O desconhecido indefinido enerva sempre mais que um conceito fechado. De facto, é quando explora a possibilidade estética desse mesmo desconhecido que o filme melhor funciona. Antes de desperdiçar tudo naquele terceiro ato desastroso, há um ponto médio bem interessante. Usando as limitações de recursos como benesse ao invés de maldição, Ahari e sua equipa extraem atmosferas densas em inquietação daqueles corredores sinuosos e quartos despidos.

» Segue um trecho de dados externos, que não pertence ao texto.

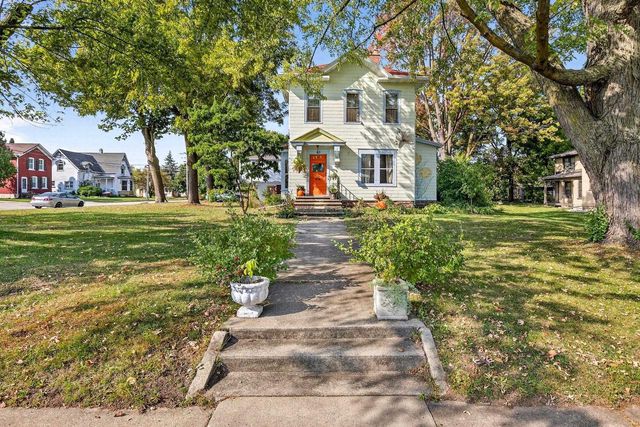 419 S CHURCH STREET, Neenah, WI 54956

A escuridão esconde cenários baratos, mas também esconde definição, dando a essas passagens uma irrealidade fugaz, a plasticidade e uma pluma de fumo que se esvanece no ar ou nos entra pelo nariz adentro, sufocando com o beijo carbónico.

The Night, em análise

Movie title: The Night

Date published: 14 de September de 2021

Director(s): Kourosh Ahari

Actor(s): Shahab Hosseini, Niousha Noor, Leah Oganyan, George Maguire, Michael Graham, Armin Amiri, Elester Latham, Kathreen Khavari

Genre: Terror, Thriller, Mistério, 2020, 105 min

  • Cláudio Alves - 45
45

CONCLUSÃO:

“The Night” desperdiça uma premissa intrigante e bom elenco num texto que precisava de mais umas revisões. O realizador bem tenta encontrar poesia nos labirintos de trevas e aparições castigadoras, mas sua visão é traída pelo argumento que ajudou a escrever. Entre os EUA e o Irão, “The Night” parece ter-se afundado no Atlântico, afogando-se num oceano de ambições perdidas e sonhos vencidos, esses espectros das profundezas.

O MELHOR: Hosseini, sua cara amotinada, o brilho de terror que reluz no canto do olho. A última imagem de todas tem poder pela desconexão apática que, de repente, se abate sobre o ator. Naquele instante, sentimos aquele medo tão grande que, ao invés de gerar um grito, suscita o silêncio paralisado.

O PIOR: A misoginia punitiva inserida na reviravolta, na explicação dos demónios que caminham os corredores escuros do hotel.